The first issue of French Journal du Droit International (also known as Clunet) will be released shortly. It contains four articles dealing with conflict issues.
The first is authored by Pascal de Vareilles-Sommieres, who teaches at Paris I University, and Anwar Fekini, who is a practising lawyer in Paris and Tripoli. It discusses The New International Oil Exploration and Sharing Agreements in Libya (Les nouveaux contrats internationaux d’exploration et de partage de production pétrolière en Libye. Problèmes choisis). The English abstract reads:
The article intends to study the legal regime of the exploration and production sharing agreements (EPSAs) entered into by the Libyan National Oil Company with foreign oil companies since 2005. In this first part, the authors focus on legal sources governing Libyan EPSAs. Though admitting the prominent part of Libyan law chosen by the parties in a choice of law provision among these sources, the authors wonder whether the parties simultaneously intended to get other possible legal sources combined with it. A possible choice of public international law is first examined. Scrutinising the parties intention, the article comes to the conclusion that no sign pointing to an internationalisation of the EPSAs appears in the agreements. As a consequence, international contract law is not to be combined with Libyan law as far as the legal regime of the EPSAs is concerned. The study then looks for possible hints of the parties intention to get the lex mercatoria involved in the regulation of their agreement along with Libyan law. Several signs are brought to the light showing the parties’ common intention to let international trade usages interfere with Libyan law to be combined with it in order to finally make up the lex contractus.
The second part of this study will be published this year in a forthcoming issue of this Journal.
The second article is a study of the Rome II Regulation (Le règlement (CE) n° 864/2007 du 11 juillet 2007 sur la loi applicable aux obligations non contractuelles (« Rome II »)). It is authored by Carine Briere, who lectures at Rouen University. Here is the English abstract:
The aim of this article is to present Regulation (EC) n° 864/2007 known as « Rome II », which is the result of a long process of elaboration. Codecision procedure has been used to adopt this text which harmonises rules of conflict of laws regarding noncontractual obligations to improve predictability concerning the law applicable. It constitutes a new step towards the construction of a private international community law. The Regulation follows current private international law trends that give competence to the law of the country in which the damage arises. Nevertheless, an escape clause introduces a flexible approach when the lex loci damni seems to be inappropriate. Specific rules for certain torts and restitutionary obligations are also laid down. They derogate the general rule. Moreover, the Regulation upholds in an extensive way the choice of law principle and determines the link with other norms such as the Hague Conventions on which it does not take precedence.
However, this Regulation, adopted in order to facilitate correct workings of the internal market, shall not prejudice the application of internal market legislation.

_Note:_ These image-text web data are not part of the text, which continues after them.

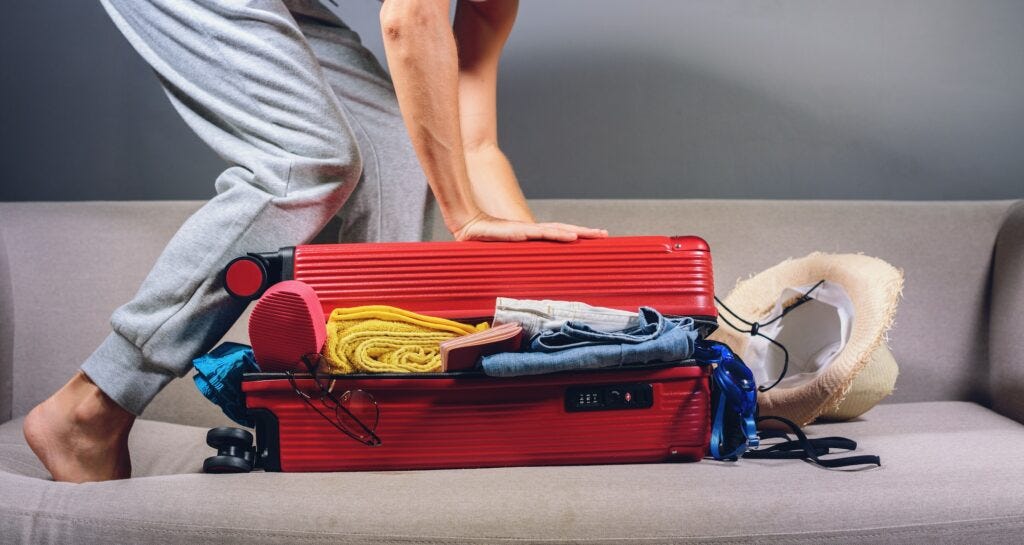 woman packing red suitcase to travel in coronavirus COVID 19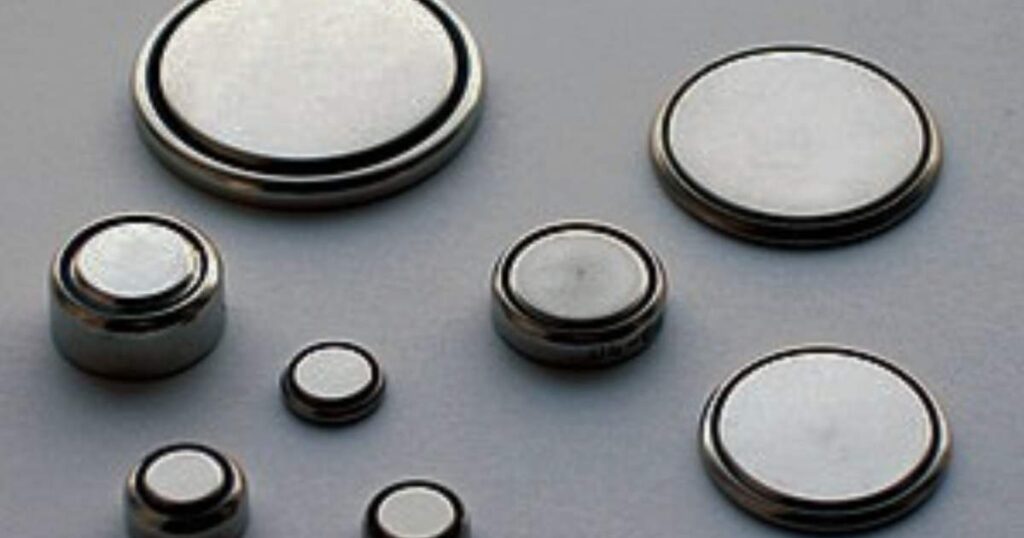 Close-up of two 2mm watch cells, highlighting their precision engineering and small dimensions against a neutral backdrop.
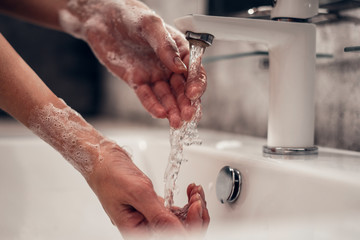 Fototapeta premium Coronavirus. Proper washing and handling of hands. Liquid antibacterial soap. Self-isolation and hygiene.
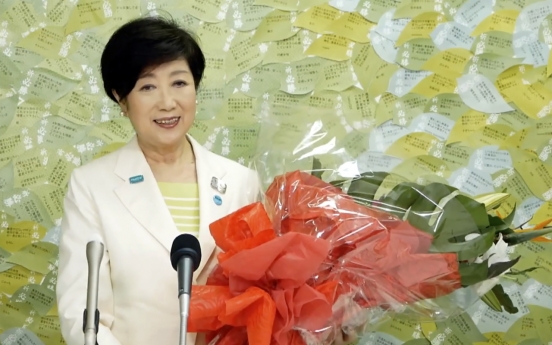 Tokyo governor wins 2nd term, buoyed by handling of virus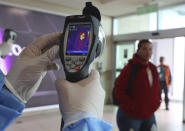 A Health Ministry staffer monitors the body temperature of travelers deplaning from international flights at the Mariscal Sucre Airport, in Quito, Ecuador, Saturday, Feb. 29, 2020. Officials in Ecuador on Saturday confirmed the first case of the new coronavirus in the South American nation. (AP Photo/Dolores Ochoa)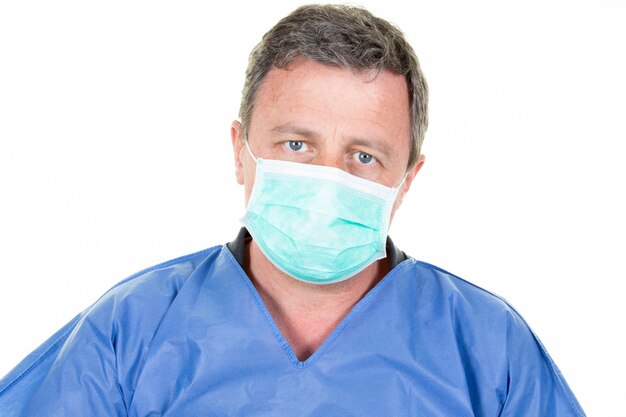 Portret męski pielęgniarka mężczyzna jest ubranym medycznego maskowego błękitnego białego tła zdrowie Coronavirus ochronnego pojęcie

The third article from Moustapha Lô Diatta from HEI in Geneva presents the Evolution of Bilateral Treaties on Migratory Workers (L’évolution des accords bilatéraux sur les travailleurs migrants). The abstract reads:
Bilateral labour agreements represent not only the oldest but also the most important source of international migrant workers law. Since their appearance in earlier twentieth century, they have been changing at contracting parties’ will, by reference to the political and economic context, the developments of international labour migration and the progress made by international legislation in protecting migrant workers. The purpose of this study is to show to what extent the lessons that can be drawn from this evolution could contribute to the ongoing debate and consultations within the international bodies to establish a multilateral framework in which international labour migration would be mutually beneficial.
Finally, Philippe Roussel Galle from Dijon University presents a Few Ideas on the Interpretation of Regulation 1346/2000 on Insolvency Proceedings after the French Circular of 15 December 2006 (De quelques pistes d’interprétation du règlement
(CE) n° 1346/2000 sur les procédures d’insolvabilité : la circulaire du 15 décembre 2006).
The entry into force of law n° 2005-845 of 26 July 2005 which institutes, among other things, a safeguard procedure, combined with the first court decisions enforcing regulation (EC) n° 1346/2000 on insolvency proceedings, have lead the French Ministry of Justice to repel and replace the circular of 17 March 2003 regarding the implementation of the regulation. The new circular, enacted on December 15th 2006, gives precisions and interpretation guidelines on the European text and brings, notwithstanding sovereign judicial appreciation, solutions to the difficulties its implementation might create in France.